The data:
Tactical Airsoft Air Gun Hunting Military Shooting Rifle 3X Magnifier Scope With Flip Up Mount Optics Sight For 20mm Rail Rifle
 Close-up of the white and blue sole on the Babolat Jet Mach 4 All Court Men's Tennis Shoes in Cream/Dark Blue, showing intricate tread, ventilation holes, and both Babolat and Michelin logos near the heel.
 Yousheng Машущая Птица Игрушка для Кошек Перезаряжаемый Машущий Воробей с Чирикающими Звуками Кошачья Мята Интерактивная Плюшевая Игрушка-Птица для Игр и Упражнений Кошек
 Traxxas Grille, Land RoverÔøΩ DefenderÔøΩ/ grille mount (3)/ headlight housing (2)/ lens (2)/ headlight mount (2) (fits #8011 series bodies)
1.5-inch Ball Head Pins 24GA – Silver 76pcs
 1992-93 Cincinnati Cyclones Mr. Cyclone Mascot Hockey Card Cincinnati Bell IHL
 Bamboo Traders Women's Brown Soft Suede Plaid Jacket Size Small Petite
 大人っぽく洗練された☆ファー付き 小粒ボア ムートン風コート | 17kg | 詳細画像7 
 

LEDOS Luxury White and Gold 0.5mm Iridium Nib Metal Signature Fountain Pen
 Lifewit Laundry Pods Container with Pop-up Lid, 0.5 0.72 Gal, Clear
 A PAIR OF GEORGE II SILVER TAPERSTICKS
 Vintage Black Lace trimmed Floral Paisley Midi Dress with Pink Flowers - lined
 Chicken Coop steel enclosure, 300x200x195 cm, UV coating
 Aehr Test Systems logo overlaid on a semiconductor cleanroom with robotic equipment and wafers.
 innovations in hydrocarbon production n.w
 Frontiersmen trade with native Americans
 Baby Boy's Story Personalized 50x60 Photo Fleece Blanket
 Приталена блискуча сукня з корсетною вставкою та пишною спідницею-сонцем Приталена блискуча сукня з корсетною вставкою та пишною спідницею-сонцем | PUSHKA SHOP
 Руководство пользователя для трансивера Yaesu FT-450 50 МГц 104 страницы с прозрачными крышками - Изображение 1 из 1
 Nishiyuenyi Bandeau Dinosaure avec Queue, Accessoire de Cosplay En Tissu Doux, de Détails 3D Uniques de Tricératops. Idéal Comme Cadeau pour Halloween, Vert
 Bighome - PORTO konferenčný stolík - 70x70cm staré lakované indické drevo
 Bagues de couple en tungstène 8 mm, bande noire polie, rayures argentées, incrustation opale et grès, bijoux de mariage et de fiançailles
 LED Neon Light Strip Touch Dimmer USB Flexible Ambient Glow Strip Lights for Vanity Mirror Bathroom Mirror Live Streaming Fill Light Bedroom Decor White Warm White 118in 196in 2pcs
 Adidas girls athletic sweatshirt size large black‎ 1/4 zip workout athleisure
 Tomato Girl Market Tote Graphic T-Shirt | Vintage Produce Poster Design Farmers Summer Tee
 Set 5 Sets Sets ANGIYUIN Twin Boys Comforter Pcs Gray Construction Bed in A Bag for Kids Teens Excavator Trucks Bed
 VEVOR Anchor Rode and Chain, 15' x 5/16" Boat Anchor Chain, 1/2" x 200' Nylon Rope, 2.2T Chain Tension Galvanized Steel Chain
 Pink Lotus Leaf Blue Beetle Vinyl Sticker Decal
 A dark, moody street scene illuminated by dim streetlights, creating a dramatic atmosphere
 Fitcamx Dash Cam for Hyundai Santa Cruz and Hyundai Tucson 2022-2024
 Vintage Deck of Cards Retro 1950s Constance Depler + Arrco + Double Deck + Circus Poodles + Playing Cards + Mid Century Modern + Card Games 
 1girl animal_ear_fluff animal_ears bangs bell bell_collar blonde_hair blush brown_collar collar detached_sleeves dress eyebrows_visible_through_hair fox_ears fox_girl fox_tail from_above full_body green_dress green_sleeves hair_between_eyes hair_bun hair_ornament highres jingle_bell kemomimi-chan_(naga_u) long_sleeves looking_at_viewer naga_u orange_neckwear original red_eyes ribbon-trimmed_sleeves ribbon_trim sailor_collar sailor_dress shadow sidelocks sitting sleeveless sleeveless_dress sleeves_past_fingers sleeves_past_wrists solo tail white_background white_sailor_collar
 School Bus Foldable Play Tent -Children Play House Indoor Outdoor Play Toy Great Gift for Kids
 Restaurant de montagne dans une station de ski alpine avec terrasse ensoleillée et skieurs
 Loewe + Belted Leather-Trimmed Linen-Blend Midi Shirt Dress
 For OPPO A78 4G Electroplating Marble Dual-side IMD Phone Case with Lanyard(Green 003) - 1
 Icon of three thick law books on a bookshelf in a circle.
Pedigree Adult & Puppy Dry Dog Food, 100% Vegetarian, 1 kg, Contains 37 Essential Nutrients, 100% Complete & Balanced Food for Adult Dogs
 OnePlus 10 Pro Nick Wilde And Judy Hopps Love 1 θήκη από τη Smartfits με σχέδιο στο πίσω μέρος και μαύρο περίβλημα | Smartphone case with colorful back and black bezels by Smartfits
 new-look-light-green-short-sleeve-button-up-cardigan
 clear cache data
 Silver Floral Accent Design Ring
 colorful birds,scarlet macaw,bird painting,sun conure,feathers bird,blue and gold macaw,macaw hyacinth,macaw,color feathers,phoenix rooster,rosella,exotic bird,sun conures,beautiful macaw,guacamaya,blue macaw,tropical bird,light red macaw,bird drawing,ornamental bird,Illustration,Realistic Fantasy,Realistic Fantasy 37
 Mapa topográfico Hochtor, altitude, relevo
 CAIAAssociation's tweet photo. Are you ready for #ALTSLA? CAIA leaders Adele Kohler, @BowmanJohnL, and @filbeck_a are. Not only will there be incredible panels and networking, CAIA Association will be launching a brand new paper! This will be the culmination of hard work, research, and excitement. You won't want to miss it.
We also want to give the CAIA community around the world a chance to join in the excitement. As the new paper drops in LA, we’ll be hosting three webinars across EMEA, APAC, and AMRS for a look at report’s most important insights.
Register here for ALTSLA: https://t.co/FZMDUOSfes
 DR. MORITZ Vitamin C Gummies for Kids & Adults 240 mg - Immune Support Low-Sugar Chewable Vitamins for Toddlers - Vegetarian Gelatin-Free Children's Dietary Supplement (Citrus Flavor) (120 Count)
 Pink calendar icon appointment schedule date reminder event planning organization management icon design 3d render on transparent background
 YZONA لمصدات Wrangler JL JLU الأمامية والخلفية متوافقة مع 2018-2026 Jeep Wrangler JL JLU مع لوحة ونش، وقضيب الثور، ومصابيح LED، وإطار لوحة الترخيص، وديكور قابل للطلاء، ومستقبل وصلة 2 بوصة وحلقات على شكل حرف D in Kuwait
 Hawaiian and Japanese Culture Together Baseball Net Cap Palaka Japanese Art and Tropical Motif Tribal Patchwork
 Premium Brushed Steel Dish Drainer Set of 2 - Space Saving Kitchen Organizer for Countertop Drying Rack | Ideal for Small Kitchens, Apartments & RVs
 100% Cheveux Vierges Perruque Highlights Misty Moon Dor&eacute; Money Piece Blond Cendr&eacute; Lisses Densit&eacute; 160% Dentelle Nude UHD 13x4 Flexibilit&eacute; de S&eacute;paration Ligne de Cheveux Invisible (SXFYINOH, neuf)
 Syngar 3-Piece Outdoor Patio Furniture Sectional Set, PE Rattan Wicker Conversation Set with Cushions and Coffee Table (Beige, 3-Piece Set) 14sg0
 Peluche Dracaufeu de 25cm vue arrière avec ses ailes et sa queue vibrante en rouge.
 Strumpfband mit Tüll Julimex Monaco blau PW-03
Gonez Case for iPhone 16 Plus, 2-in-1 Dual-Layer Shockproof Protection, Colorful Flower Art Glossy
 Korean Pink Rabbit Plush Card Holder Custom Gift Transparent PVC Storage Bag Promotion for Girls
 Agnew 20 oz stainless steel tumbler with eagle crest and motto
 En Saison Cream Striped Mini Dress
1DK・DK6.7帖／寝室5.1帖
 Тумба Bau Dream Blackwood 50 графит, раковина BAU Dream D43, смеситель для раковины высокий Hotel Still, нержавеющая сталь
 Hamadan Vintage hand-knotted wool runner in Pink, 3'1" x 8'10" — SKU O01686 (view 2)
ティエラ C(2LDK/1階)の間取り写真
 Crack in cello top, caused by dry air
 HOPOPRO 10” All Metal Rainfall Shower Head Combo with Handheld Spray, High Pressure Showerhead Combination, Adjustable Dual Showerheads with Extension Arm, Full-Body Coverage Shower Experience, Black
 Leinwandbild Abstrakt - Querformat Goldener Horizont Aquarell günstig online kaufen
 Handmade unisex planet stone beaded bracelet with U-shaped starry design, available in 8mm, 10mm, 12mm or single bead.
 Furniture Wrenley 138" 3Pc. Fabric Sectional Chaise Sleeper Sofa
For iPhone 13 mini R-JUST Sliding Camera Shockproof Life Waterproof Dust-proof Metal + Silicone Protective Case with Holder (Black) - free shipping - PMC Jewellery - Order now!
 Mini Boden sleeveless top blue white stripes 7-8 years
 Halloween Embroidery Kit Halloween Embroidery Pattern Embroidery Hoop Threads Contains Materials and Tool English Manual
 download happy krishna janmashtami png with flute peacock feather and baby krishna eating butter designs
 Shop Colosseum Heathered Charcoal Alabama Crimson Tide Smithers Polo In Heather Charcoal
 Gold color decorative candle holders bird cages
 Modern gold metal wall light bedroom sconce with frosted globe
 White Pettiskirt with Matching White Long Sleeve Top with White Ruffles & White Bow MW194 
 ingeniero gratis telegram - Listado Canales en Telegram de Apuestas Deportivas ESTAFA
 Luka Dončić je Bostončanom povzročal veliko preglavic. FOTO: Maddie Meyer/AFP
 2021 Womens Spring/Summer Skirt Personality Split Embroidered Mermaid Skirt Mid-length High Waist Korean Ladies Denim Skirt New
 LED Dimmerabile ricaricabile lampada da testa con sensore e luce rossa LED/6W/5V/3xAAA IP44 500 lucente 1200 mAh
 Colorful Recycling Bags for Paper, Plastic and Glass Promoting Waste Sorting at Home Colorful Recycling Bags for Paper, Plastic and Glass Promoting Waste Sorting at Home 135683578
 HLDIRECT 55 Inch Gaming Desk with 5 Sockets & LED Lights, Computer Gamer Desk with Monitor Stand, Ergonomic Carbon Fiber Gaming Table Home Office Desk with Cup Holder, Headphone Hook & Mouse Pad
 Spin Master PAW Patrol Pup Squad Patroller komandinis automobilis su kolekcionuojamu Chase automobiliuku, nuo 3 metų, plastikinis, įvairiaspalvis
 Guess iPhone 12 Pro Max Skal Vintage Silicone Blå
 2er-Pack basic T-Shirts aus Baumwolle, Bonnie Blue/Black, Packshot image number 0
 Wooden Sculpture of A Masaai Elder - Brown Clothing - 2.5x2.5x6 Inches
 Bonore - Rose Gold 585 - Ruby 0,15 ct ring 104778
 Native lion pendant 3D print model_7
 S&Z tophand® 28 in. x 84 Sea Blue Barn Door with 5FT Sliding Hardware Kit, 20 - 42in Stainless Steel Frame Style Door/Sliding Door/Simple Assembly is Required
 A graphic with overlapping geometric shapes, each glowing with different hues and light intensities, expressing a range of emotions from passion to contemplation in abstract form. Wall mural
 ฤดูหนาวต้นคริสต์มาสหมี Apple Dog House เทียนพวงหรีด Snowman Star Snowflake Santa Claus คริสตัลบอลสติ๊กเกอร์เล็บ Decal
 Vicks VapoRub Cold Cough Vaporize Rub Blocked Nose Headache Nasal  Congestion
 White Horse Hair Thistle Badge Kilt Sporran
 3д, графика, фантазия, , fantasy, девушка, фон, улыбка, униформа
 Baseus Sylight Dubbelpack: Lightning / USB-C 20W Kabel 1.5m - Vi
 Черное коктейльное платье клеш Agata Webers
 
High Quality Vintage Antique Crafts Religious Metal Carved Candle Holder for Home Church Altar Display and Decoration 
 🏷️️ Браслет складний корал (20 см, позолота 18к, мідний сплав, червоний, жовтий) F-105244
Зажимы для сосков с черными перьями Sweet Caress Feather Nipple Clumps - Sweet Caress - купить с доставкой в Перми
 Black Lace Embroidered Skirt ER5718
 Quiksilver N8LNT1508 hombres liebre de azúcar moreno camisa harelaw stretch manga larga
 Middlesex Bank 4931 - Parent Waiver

What the task asks:
Transcribe each line of the data above, unaltered, from the one where "Bamboo Traders Women's" appears to the one where "Tomato Girl Market" appears, inclusive of both.

The completed task:
 Bamboo Traders Women's Brown Soft Suede Plaid Jacket Size Small Petite
 大人っぽく洗練された☆ファー付き 小粒ボア ムートン風コート | 17kg | 詳細画像7 
 

LEDOS Luxury White and Gold 0.5mm Iridium Nib Metal Signature Fountain Pen
 Lifewit Laundry Pods Container with Pop-up Lid, 0.5 0.72 Gal, Clear
 A PAIR OF GEORGE II SILVER TAPERSTICKS
 Vintage Black Lace trimmed Floral Paisley Midi Dress with Pink Flowers - lined
 Chicken Coop steel enclosure, 300x200x195 cm, UV coating
 Aehr Test Systems logo overlaid on a semiconductor cleanroom with robotic equipment and wafers.
 innovations in hydrocarbon production n.w
 Frontiersmen trade with native Americans
 Baby Boy's Story Personalized 50x60 Photo Fleece Blanket
 Приталена блискуча сукня з корсетною вставкою та пишною спідницею-сонцем Приталена блискуча сукня з корсетною вставкою та пишною спідницею-сонцем | PUSHKA SHOP
 Руководство пользователя для трансивера Yaesu FT-450 50 МГц 104 страницы с прозрачными крышками - Изображение 1 из 1
 Nishiyuenyi Bandeau Dinosaure avec Queue, Accessoire de Cosplay En Tissu Doux, de Détails 3D Uniques de Tricératops. Idéal Comme Cadeau pour Halloween, Vert
 Bighome - PORTO konferenčný stolík - 70x70cm staré lakované indické drevo
 Bagues de couple en tungstène 8 mm, bande noire polie, rayures argentées, incrustation opale et grès, bijoux de mariage et de fiançailles
 LED Neon Light Strip Touch Dimmer USB Flexible Ambient Glow Strip Lights for Vanity Mirror Bathroom Mirror Live Streaming Fill Light Bedroom Decor White Warm White 118in 196in 2pcs
 Adidas girls athletic sweatshirt size large black‎ 1/4 zip workout athleisure
 Tomato Girl Market Tote Graphic T-Shirt | Vintage Produce Poster Design Farmers Summer Tee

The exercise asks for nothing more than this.